Proulx, who posts updates on the build to his Instagram account @1lowrx, sourced the engine from a 1997-2017 Toyota Century; a Japanese luxury sedan of greater prestige and exclusivity than even most Lexuses—it's the Japanese Emperor's official ride. For a 5.0-liter engine, it wasn't particularly powerful from the factory, producing an advertised 276 horsepower and 354 pound-feet of torque. In Proulx's possession, though, it may make almost four times that, as he tells us he plans to crank it up to 1,000 horsepower with a pair of Garrett turbos.
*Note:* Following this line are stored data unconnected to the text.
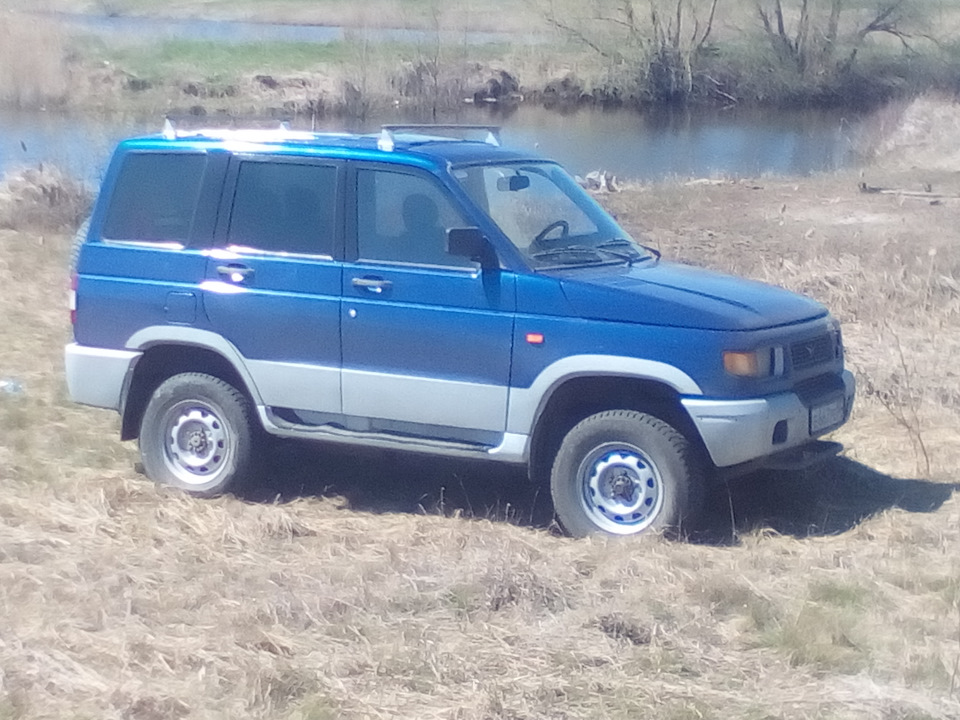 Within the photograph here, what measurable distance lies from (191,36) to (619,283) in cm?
4323

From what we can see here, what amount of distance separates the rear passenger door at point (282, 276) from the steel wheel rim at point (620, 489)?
1395mm

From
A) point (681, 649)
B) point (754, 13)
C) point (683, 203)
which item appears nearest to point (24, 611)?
point (681, 649)

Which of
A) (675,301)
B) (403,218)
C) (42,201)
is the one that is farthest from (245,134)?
(42,201)

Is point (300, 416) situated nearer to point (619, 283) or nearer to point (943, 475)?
point (619, 283)

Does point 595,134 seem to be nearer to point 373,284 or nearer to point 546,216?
point 546,216

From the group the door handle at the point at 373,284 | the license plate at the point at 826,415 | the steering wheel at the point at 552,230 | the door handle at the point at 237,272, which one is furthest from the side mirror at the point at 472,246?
the license plate at the point at 826,415

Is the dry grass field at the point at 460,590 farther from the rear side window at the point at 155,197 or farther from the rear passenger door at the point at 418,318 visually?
the rear side window at the point at 155,197

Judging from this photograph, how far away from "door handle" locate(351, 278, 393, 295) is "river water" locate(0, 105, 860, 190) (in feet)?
41.2

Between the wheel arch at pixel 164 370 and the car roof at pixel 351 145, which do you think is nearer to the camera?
the car roof at pixel 351 145

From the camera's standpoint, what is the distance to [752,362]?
21.5ft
As the stock Subaru drivetrain wouldn't withstand that kind of power, Proulx's ditching the all-wheel drive and exchanging the transmission he used for the car's last swap—a Toyota Supra's 2JZ-GTE turbo-six—for the dual-clutch seven-speed from a 2010 BMW 335i. That'd make it the Getrag GS7D36SG; a famously stout 'box that has been swapped into Nissan Skyline GT-Rs, and can apparently be upgraded to hold 1,250 pound-feet of torque.
A 1,000-horsepower Toyota V12, then, should be no problem to the transmission—nor for the driveshaft (custom), or the rear axle. That'll be centered around an upgraded Ford 8.8-inch differential, which will divide power between the rear wheels with reinforced axles. And surprisingly, the whole shebang fits into a Subaru Impreza more easily than one would expect.
"It fit pretty well considering how big it is," Proulx told me. "I did have to move the steering rack a bit to clear the starter."
More complicated was preparing the rarely tuned Toyota V12 for boost, which involved buying performance parts—in some cases—literally by the dozen.
"The engine wasn't too expensive, $3,000 Canadian. It's the rest of getting it to work that's expensive," Proulx continued. "Twelve 1,000-cc injectors, twelve coil packs, two throttle bodies, two turbos, two custom manifolds, a standalone ECU that can control all that plus the DCT transmission, wiring, et cetera."
All together, Proulx tells us he's well over $20,000 USD deep in the project, and he still has to fabricate—and work out how to fit—plumbing for the turbos, radiator, and other heat exchangers. He has a plan, though, and is already looking down the road at installing paddle shifters, which speaks to his certainty that he can make everything fit together.
"I'm not driving it in our harsh Canadian winters, that's for sure," Proulx told us. And with 1,000 horsepower and just rear-wheel drive, not a soul out there can blame him.
By the time Canada thaws out next spring, he hopes his creation will be ready to unleash on the road—and I do too.